*TASK DETAILS*.
Output everything in the listing exactly, with no line missing.

*MATERIAL SUPPLIED*.
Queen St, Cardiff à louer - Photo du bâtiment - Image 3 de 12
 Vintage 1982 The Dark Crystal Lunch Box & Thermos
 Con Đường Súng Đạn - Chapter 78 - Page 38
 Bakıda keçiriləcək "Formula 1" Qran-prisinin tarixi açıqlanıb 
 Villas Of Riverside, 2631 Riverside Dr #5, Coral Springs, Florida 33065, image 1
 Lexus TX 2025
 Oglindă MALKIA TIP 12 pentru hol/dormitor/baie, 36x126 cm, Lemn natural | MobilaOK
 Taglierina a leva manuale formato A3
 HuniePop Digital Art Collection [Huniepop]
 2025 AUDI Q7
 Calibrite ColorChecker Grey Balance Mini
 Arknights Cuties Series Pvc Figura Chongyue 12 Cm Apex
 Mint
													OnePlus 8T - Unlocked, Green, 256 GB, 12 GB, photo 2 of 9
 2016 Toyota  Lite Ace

*FINAL ANSWER*.
Queen St, Cardiff à louer - Photo du bâtiment - Image 3 de 12
 Vintage 1982 The Dark Crystal Lunch Box & Thermos
 Con Đường Súng Đạn - Chapter 78 - Page 38
 Bakıda keçiriləcək "Formula 1" Qran-prisinin tarixi açıqlanıb 
 Villas Of Riverside, 2631 Riverside Dr #5, Coral Springs, Florida 33065, image 1
 Lexus TX 2025
 Oglindă MALKIA TIP 12 pentru hol/dormitor/baie, 36x126 cm, Lemn natural | MobilaOK
 Taglierina a leva manuale formato A3
 HuniePop Digital Art Collection [Huniepop]
 2025 AUDI Q7
 Calibrite ColorChecker Grey Balance Mini
 Arknights Cuties Series Pvc Figura Chongyue 12 Cm Apex
 Mint
													OnePlus 8T - Unlocked, Green, 256 GB, 12 GB, photo 2 of 9
 2016 Toyota  Lite Ace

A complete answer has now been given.